Gazzetta di Parma / di Giovanna Pavesi
Se la transizione ecologica impone un cambiamento dei paradigmi industriali, la diretta conseguenza è la necessità di nuove professionalità «green».
Ieri mattina, nella sala convegni di Palazzo Soragna, Gino Gandolfi, presidente di Fiere di Parma e Le Village by Crédit Agricole Parma, Franco Mosconi, docente di Economia industriale nell’ateneo cittadino, Riccardo Binotto, global Hr director Sirmax Group, Alberto Brugnoli, partner e managing director Strategy Innovation e Guido Chiogna, Hse and Sustainability director Metlac, si sono confrontati sui «green jobs: le professionalità che servono per le fabbriche del futuro», in uno dei panel organizzati in occasione della Greenweek Festival della Green Economy.
Moderati da Marco Madonia, giornalista del Corriere di Bologna, i cinque ospiti hanno risposto ad altrettante domande, partendo da una definizione di «lavoro verde».

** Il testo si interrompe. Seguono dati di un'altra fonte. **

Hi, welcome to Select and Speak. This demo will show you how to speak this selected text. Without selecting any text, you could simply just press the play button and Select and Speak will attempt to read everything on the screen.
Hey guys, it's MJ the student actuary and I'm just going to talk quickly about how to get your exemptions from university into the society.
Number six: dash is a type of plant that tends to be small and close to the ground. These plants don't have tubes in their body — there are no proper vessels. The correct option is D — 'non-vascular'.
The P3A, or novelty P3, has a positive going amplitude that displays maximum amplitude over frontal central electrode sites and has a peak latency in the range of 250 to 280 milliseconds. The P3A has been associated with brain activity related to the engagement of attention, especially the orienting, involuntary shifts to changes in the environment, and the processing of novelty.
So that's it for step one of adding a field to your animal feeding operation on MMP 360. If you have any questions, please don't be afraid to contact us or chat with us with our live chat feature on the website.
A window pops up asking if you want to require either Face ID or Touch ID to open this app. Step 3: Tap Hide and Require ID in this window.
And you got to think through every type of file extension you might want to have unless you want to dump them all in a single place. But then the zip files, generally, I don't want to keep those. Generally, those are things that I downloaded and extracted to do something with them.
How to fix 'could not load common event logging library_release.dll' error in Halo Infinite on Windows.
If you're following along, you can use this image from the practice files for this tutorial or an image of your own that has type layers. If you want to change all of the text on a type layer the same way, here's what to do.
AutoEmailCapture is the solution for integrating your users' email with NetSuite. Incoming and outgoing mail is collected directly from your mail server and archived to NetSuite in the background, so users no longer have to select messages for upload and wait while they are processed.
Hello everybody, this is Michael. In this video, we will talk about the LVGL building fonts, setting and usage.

«Le cose importanti hanno bisogno di essere studiate, approfondite e di tanta riflessione: se noi oggi, come 20 anni fa con Internet, facciamo mille convegni al giorno sulla sostenibilità, dove lo troviamo il tempo per riflettere? L’economia, che è una scienza sociale, non ha la bacchetta magica e non è come la fisica che fornisce risposte certe ai fenomeni del mondo. Sui lavori verdi ciò che conta è porsi la domanda giusta, poi altre scienze daranno la risposta. Qual è la domanda giusta? Servirà una preparazione specialistica o una cultura generale alla sostenibilità? Dopo che il sistema scolastico ci ha insegnato a scrivere e a far di conto sarà necessario un sistema che educhi anche a questo – ha detto Mosconi, che ha citato anche l’enciclica di papa Francesco -? Per la casa comune servono tanti mestieri verdi, dai più umili ai più nobili».

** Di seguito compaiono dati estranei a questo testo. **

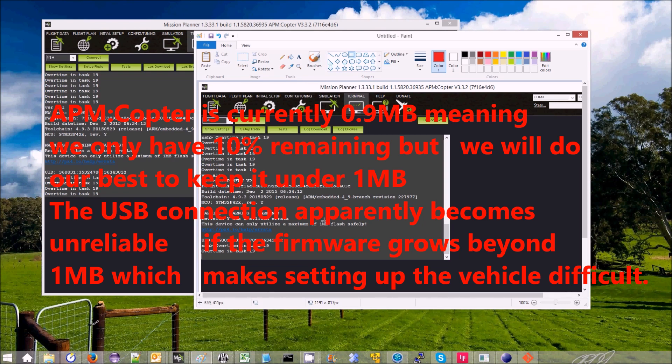We the developers will do our best to try and keep it under the one megabyte flash limit, but eventually we'll go over that.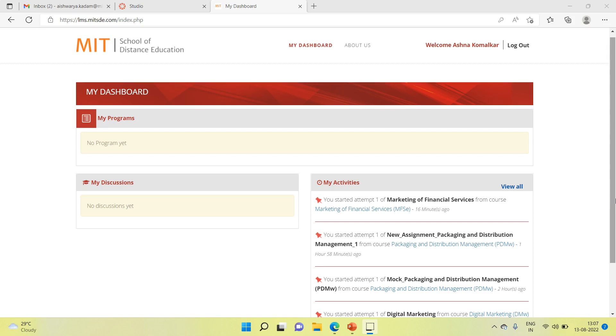First, login to your LMS account. You will see a dashboard in front of you. You will see a list of subjects assigned to you according to your course.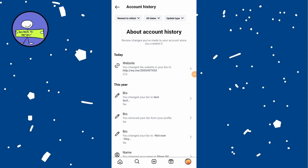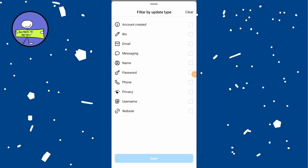To see your usernames, tap on Update Type and select Username. Tap on Done and then Apply.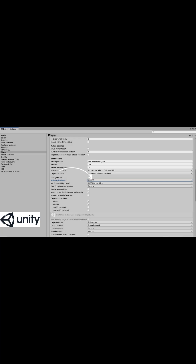IL2CPP, an ahead-of-time (AOT) compiler, supports debugging of managed code in the same way as the Mono scripting backend. When building a project using IL2CPP, Unity converts IL code from scripts and assemblies to C++ before creating a native binary file — for example, .exe, .apk, or .xap — for your chosen platform.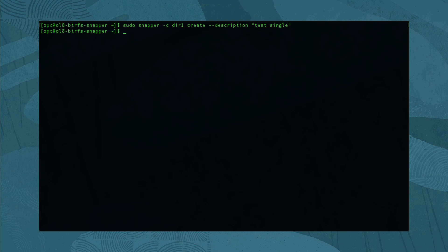To demonstrate this, start by creating a pre snapshot with sudo snapper -c dir2 create -t pre -p. Note the number of the snapshot printed, as we will use it later in the post snapshot command.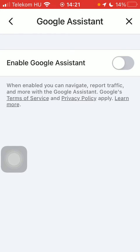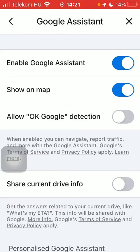As you can see, when it is enabled you can navigate, report traffic, and more with the Google Assistant. Tap on this button next to it and you will be able to turn it on automatically.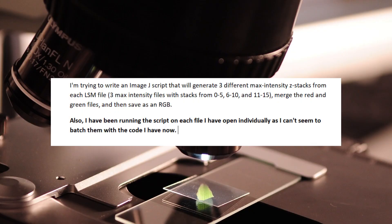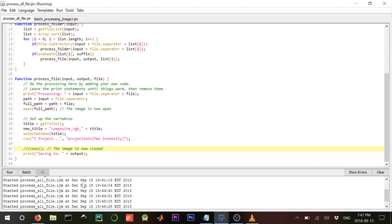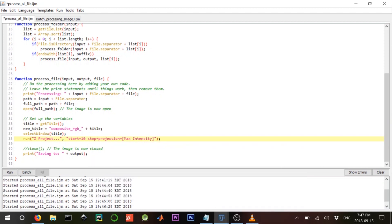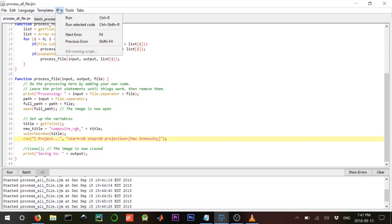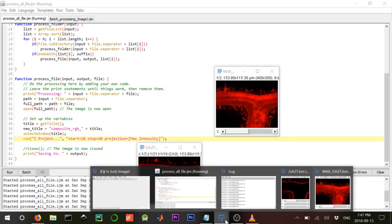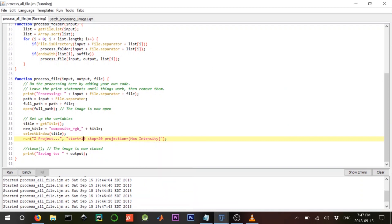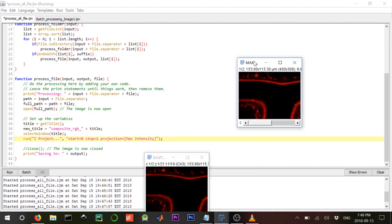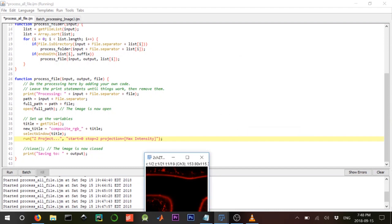The brackets we want are: zero to five, six to ten, and eleven to fifteen. We need a start and stop. If we look at the documentation, you need 'start equals something' and 'stop equals something' — let's say 20 to start. After running, the z-stack looks a bit different. If we set zero to two, it's stacking only some slices, not all.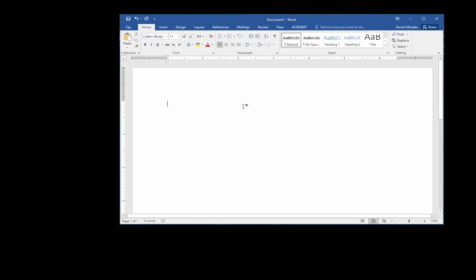How's it going everyone, this is Mr. Morales. In this video I'm going to cover bullets and numbering, how to do a spell and grammar check, and how to open a template.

Nel suo intervento, Gandolfi, invece, ha descritto il concetto che sta alla base de Le Village di Parma, «che non è solo un incubatore, ma un ecosistema aperto»: «Poggia su tre pilastri, cioè startup, aziende e università, e ha come architrave il Crédit Agricole. Nato nel 2019 e parte di una rete che conta 43 Village a livello mondiale, con più di 1.200 startup accompagnate e oltre 700 aziende partner, si è già imposto come punto di riferimento per l’innovazione a livello e regionale e non solo, grazie al coinvolgimento di 45 startup, 28 abilitatori e 21 partner. È una fucina di opportunità che, grazie alle sue caratteristiche, ha fatto registrare, dal 2020 al 2021, un incremento (per le startup) del +25%, sia a livello di fatturato, sia di collaboratori e che ora è proiettato verso programmi di scouting a livello internazionale».